“But sir!” they chorused.
“She’s down on her knees and I’ve got her at gunpoint, get the fuck out of here!” he roared. “Now!”
In the distance was the faint wail of sirens. Too far away for them to hear. The three men left, a jerk of Oliver’s head indicating they should close the door behind them. It was just me and the governor in the room.
“You’re the Crawfield girl?” he asked, not moving the barrel a centimeter.
I didn’t move, mentally evaluating my injuries and noticing with a fresh spurt of anger that the wallpaper in his room was a distinctive red and blue paisley and these were hardwood floors. Oliver had to be Emily’s masked rapist. She’d described his bedroom perfectly. “You can call me Cat.”
“Cat,” he repeated. “You don’t look so tough, bleeding all over my floor. Tell me, where’s your friend? The bounty hunter?”

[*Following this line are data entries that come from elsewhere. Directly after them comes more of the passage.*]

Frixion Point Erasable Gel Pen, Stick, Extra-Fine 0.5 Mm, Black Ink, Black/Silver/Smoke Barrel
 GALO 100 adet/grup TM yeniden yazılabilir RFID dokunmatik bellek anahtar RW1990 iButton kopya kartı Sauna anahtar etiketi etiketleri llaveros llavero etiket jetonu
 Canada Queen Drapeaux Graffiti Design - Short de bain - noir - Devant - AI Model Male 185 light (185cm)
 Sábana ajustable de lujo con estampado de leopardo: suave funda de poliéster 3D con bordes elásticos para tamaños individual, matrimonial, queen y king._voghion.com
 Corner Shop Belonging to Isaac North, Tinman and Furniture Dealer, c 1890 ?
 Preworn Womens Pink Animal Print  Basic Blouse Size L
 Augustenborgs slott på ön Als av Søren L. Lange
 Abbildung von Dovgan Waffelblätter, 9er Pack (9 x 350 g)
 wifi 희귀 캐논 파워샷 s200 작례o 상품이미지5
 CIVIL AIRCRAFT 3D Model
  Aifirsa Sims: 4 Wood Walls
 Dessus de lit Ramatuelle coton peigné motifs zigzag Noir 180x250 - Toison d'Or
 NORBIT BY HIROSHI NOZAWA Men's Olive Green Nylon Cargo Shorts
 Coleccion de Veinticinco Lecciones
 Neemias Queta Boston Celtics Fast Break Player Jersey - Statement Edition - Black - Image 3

The sirens were getting closer. There wasn’t much time. “Killing Hennessey’s pal Switch would be my guess. You’re finished, Oliver. They’re all dead. The permanent way.”
His hand didn’t waver. “Is that so?” Then he smiled. Icily. “Well, there’s plenty more where Hennessey came from. Won’t be too hard to find someone else looking to make the kind of money he was, and with meals thrown in, to boot! When I’m president, this country will have a major overhaul. I’ll save the taxpayers millions, and we’ll clean the scum right off the streets. Hell, I’m fixing to start on welfare recipients and nursing homes next. America will be stronger and more prosperous than ever. They’ll probably repeal the two-term limit after I’m in office.”
Cars screeched around the corner. Only seconds left now.
“It’s not going to happen.”
He smiled. “Not that you’ll see. I’m about to kill you in self-defense. I can just see the headlines now: ‘Governor Bravely Staves Off Murderer in Assassination Attempt.’ My numbers will rise twelve points tonight.”
“Ethan,” I said softly, hearing the thunder of feet coming toward the house. “Look at me.”
I let the shine out in my eyes. His own gaze widened, astonished, and in that split second of distraction I charged him, batting his gun aside to fire harmlessly into the wall.
“You’re bleeding…you have to be human, but your eyes…what are you?” he whispered.
That emerald light illuminated his face, and my hands tightened around his throat. “I’m the Grim Reaper,” I growled. Those footsteps were almost here…. “Or as Bones would say, the Red one.”
I snapped his neck just before the door was flung open. When the half dozen police poured in, the glow had left my gaze, and I already had my hands up.
“I surrender.”
TWENTY-FIVE
THERE WERE THREE GUARDS OUTSIDE MY hospital room, and I was on the eleventh floor. They’d even cleared this part of the wing—I knew this from the silence in the rooms next to me. Apparently they took killing the governor seriously.
Doctors had been coming in all morning to gasp and gape over me, but it wasn’t because of who I’d killed. It was because of how I’d healed. Within hours, my three bullet holes had disappeared. The knife wound, gone. Hennessey’s fang marks, missing. All of my scratches and bruises, vanished. I didn’t even have an IV in me—the needle kept spontaneously slipping out. Frankly, I wondered why I hadn’t been moved to a regular jail cell yet, but after Isaac, I wasn’t complaining about the lack of police transportation.
At noon, more footsteps approached my room. Someone said, “FBI.” There was a pause, and then my door opened.
A man entered. He was about fifty, of average height, with thinning charcoal hair overrun with gray. His eyes were the same medium gray as his hair, but they weren’t sedate like their shade. They were crackling with intelligence. His companion who closed the door after him was considerably younger, perhaps in his late twenties. He had short brown hair in a buzz cut, and something about the way he carried himself screamed military to me. His eyes were navy blue and fixed on me with steadfast intensity.
“FBI, huh? Well, aren’t I honored?” They didn’t need extrasensory perception to catch my sarcasm. The younger man shot me a dirty look.
Gray Hair smiled instead, and came forward with hand extended.
“You might not be, but I certainly am. My name is Donald Williams and this is Tate Bradley. I’m the head of a unit in the FBI called the Paranormal Behavior Division.”
Grudgingly I shook his hand, years of manners making it impossible to refuse. With a jerk of my head I indicated Tate Bradley.
“What about him? He’s not Bureau…no cellulite or spare tire.”
Williams laughed, showing teeth slightly discolored from too much coffee or cigarettes.
“That’s correct. Tate is a sergeant in the Special Forces, a very select unit of them. He is my bodyguard today.”